Some of my local bin commands are:
- ``short``: ``srun --pty -p short /bin/bash``, requests access to the short parition
- ``me``: ``squeue -l -u jhhalverson``, shows my jobs
- ``killmyjobs``: ``scancel -u jhhalverson``, kills all my jobs.

# Discovery Interaction Types

### Computing on a Node

Login to a particular type of node, e.g. with ``short`` above. If you want to lock down the entire node because you're going to use all of the CPUs or all of the RAM, throw the ``--exclusive`` flag.

To see on a given node the RAM and CPU info, do `lsmem` and `lscpu`.

### Submitting a Job

Here's an example of a job file,

```
#!/bin/bash
#SBATCH --job-name=my_job_20
#SBATCH --output=my_job_20.out
#SBATCH --error=my_job_20.err
#SBATCH --ntasks=1
#SBATCH --cpus-per-task=28
#SBATCH --partition=long
#SBATCH --exclusive
#SBATCH --output=workdir/my_job_20.out
#SBATCH --error=workdir/my_job_20.err
#SBATCH --time=00:30:00

cd for_sneh
python to_call_many_times.py --arg-to-print 20
```

It was written by the submitter I describe below and was called ``run_script_arg_20.sh``. 

To submit it to the cluster, I would do ``sbatch run_script_arg_20.sh``.

### Writing a Script that Submits Many Jobs


#### DO NOT MISUSE THIS!

Working with job files is easy, but sometimes you have *many* jobs you want to run, and it can be useful to write a script that writes and submits jobs.

This is my submitter.py:
```
import os
import subprocess

def generate_slurm_script(arg_value):
    script_name = f"run_script_arg_{arg_value}.sh"
    with open(script_name, 'w') as f:
        f.write(f"#!/bin/bash\n")
        f.write(f"#SBATCH --job-name=my_job_{arg_value}\n")
        f.write(f"#SBATCH --output=my_job_{arg_value}.out\n")
        f.write(f"#SBATCH --error=my_job_{arg_value}.err\n")
        f.write(f"#SBATCH --ntasks=1\n")
        f.write(f"#SBATCH --cpus-per-task=28\n")
        f.write(f"#SBATCH --partition=long\n")  # Replace with your desired partition
        f.write(f"#SBATCH --exclusive")
        f.write(f"#SBATCH --output=workdir/my_job_{arg_value}.out\n")
        f.write(f"#SBATCH --error=workdir/my_job_{arg_value}.err\n")
        f.write(f"#SBATCH --time=00:30:00\n")
        f.write(f"\n")
        f.write(f"cd for_sneh\n")
        f.write(f"python to_call_many_times.py --arg-to-print {arg_value}\n")

    print(f"SLURM script '{script_name}' generated.")

    # Submit the SLURM script
    subprocess.run(['sbatch', script_name])

if __name__ == '__main__':
    arg_values = [10, 20, 30, 40]
    for value in arg_values:
        generate_slurm_script(value)
```

and the associated file that it calls, ``to_call_many_times.py``:

```
import argparse
import multiprocessing as mp
import os
import uuid

def my_func(arg_to_print):
    unique_filename = str(uuid.uuid4())[:6]  # Generate a unique string of length 6
    output_file = os.path.join('./exp', f'unique_file_name_{unique_filename}_arg_{arg_to_print}.txt')
    
    with open(output_file, 'w') as f:
        f.write(str(arg_to_print))
    
    print(f"Result saved to {output_file}")

if __name__ == '__main__':
    parser = argparse.ArgumentParser(description='Process an integer and save it to a unique file')
    parser.add_argument('--arg-to-print', type=int, help='The integer to print')
    args = parser.parse_args()
    
    pool = mp.Pool(processes=28)
    pool.map(my_func, [args.arg_to_print] * 40)
    pool.close()
    pool.join()
```

# Data Storage

On the ``scratch" space, you have a lot more room to save files than in home directory.

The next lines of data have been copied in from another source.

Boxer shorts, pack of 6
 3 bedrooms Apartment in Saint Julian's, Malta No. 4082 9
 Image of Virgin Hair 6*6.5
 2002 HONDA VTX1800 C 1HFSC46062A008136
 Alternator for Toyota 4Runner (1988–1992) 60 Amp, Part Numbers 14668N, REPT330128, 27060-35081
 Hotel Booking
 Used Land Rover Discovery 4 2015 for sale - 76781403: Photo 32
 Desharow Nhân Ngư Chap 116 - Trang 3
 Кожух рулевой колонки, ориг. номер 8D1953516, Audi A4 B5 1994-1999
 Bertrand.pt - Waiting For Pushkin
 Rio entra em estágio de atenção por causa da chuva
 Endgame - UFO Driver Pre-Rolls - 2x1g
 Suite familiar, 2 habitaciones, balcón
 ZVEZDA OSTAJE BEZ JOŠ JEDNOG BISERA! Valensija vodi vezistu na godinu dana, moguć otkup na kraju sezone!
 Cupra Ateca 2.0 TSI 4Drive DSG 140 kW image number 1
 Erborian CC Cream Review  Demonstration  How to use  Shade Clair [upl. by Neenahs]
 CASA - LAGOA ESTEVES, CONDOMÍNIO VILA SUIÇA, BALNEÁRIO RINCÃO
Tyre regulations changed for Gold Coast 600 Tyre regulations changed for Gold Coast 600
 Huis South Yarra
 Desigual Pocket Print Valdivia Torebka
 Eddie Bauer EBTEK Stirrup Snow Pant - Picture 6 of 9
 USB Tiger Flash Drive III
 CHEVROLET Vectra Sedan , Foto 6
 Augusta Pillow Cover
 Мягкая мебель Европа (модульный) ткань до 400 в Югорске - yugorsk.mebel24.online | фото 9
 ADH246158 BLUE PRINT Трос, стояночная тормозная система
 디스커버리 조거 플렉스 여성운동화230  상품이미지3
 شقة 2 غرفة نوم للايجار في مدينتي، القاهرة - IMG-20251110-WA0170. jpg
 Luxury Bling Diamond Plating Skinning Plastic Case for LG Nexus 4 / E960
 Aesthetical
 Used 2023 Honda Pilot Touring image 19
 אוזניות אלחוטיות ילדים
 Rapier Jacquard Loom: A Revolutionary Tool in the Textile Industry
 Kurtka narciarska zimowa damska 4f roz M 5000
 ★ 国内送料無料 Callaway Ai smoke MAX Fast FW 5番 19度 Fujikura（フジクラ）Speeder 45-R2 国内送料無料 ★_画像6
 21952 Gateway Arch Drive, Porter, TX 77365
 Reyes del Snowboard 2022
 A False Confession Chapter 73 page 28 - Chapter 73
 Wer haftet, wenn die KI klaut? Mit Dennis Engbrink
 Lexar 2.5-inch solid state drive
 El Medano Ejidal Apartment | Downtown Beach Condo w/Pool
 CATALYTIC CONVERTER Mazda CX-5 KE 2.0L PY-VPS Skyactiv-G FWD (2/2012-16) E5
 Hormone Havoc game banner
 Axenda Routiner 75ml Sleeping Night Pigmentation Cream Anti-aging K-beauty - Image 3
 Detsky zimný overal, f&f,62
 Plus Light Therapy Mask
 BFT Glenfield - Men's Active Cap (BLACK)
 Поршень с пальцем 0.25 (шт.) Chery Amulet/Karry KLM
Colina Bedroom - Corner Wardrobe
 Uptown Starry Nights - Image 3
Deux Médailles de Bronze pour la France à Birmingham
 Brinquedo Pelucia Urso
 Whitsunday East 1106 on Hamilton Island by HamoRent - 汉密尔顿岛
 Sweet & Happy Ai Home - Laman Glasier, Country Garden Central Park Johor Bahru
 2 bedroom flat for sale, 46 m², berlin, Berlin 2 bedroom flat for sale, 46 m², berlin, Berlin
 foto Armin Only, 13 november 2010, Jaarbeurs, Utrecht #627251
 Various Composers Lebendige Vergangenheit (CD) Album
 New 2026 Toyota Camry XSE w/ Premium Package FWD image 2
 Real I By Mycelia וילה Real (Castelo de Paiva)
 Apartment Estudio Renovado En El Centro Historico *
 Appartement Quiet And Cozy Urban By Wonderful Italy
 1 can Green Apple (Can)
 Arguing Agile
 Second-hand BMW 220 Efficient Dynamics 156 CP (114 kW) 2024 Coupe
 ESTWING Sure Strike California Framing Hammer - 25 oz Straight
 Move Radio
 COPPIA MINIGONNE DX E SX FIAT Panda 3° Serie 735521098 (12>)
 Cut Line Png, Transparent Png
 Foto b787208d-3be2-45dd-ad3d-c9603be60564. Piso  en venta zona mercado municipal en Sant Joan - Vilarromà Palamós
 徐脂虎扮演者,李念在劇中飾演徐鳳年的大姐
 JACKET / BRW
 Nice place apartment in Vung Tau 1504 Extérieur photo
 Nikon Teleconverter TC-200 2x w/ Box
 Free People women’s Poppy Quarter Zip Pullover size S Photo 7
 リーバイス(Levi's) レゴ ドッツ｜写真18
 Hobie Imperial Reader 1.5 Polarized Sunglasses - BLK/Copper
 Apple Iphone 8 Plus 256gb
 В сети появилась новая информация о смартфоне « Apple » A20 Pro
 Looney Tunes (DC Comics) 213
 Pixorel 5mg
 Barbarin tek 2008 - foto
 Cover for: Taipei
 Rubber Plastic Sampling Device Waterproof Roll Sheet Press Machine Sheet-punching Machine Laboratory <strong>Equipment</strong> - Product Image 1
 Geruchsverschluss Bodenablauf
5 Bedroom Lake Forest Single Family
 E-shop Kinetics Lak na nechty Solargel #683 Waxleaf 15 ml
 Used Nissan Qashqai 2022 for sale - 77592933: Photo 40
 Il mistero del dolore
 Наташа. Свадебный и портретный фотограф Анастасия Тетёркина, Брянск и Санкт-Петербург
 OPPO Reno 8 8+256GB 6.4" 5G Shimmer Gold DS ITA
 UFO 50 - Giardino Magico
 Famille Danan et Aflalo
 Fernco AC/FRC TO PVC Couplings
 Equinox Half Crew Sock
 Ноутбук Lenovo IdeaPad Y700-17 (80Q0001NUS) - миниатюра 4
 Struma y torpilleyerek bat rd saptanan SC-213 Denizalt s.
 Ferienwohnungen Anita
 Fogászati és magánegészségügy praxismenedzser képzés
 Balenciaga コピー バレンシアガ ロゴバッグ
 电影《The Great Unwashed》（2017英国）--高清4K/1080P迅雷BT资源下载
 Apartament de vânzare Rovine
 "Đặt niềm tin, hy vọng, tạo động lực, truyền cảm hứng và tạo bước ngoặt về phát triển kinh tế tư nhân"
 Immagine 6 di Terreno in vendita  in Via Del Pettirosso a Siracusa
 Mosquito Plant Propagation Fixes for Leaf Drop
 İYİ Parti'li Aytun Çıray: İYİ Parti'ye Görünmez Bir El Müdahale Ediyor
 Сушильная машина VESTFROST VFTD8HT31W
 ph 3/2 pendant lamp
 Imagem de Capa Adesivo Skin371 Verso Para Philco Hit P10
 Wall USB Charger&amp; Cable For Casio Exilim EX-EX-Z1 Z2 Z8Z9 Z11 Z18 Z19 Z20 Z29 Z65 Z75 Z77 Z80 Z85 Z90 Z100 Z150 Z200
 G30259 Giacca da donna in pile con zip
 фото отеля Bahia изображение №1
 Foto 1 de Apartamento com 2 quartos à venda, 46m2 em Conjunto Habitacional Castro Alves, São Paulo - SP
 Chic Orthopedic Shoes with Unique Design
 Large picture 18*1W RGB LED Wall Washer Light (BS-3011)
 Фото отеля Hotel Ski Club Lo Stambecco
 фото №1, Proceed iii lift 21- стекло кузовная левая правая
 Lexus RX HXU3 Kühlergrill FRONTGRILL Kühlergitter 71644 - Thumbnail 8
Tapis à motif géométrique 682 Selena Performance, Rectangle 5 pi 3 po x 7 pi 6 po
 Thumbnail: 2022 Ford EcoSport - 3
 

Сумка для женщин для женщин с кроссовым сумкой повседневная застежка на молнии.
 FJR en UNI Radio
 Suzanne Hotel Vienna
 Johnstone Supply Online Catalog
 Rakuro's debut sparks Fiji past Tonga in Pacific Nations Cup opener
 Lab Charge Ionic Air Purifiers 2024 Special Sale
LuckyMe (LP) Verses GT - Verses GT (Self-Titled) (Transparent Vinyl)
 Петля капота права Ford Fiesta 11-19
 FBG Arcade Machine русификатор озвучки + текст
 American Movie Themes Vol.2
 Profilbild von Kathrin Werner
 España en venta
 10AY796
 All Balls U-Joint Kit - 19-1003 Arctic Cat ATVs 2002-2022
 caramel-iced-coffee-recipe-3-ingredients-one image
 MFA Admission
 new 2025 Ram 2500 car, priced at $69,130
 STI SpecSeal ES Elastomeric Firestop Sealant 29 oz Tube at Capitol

Mine is in ``/scratch/jhhalverson``. Replace your username for mine.

# Cluster Etiquette

Be careful, lots of people are trying to use these **free** resources. Be a good citizen. 

A few ways to do that are: 
- Don't use the login node for computing.
- **Request reasonable resources** based on the job. e.g., don't request 100 GB of RAM if you only need 1 GB. e.g., don't request 100 CPUs if you only need 1 CPU. But if you're going to either use all of the RAM or all of the CPUs, then use ``--exclusive``.

Note: if your code finishes after submitting a job, it'll exit out. If you've just run it from a fixed node that you logged into, it'll keep running. So if you're going to run a job for a long time, submit it as a job.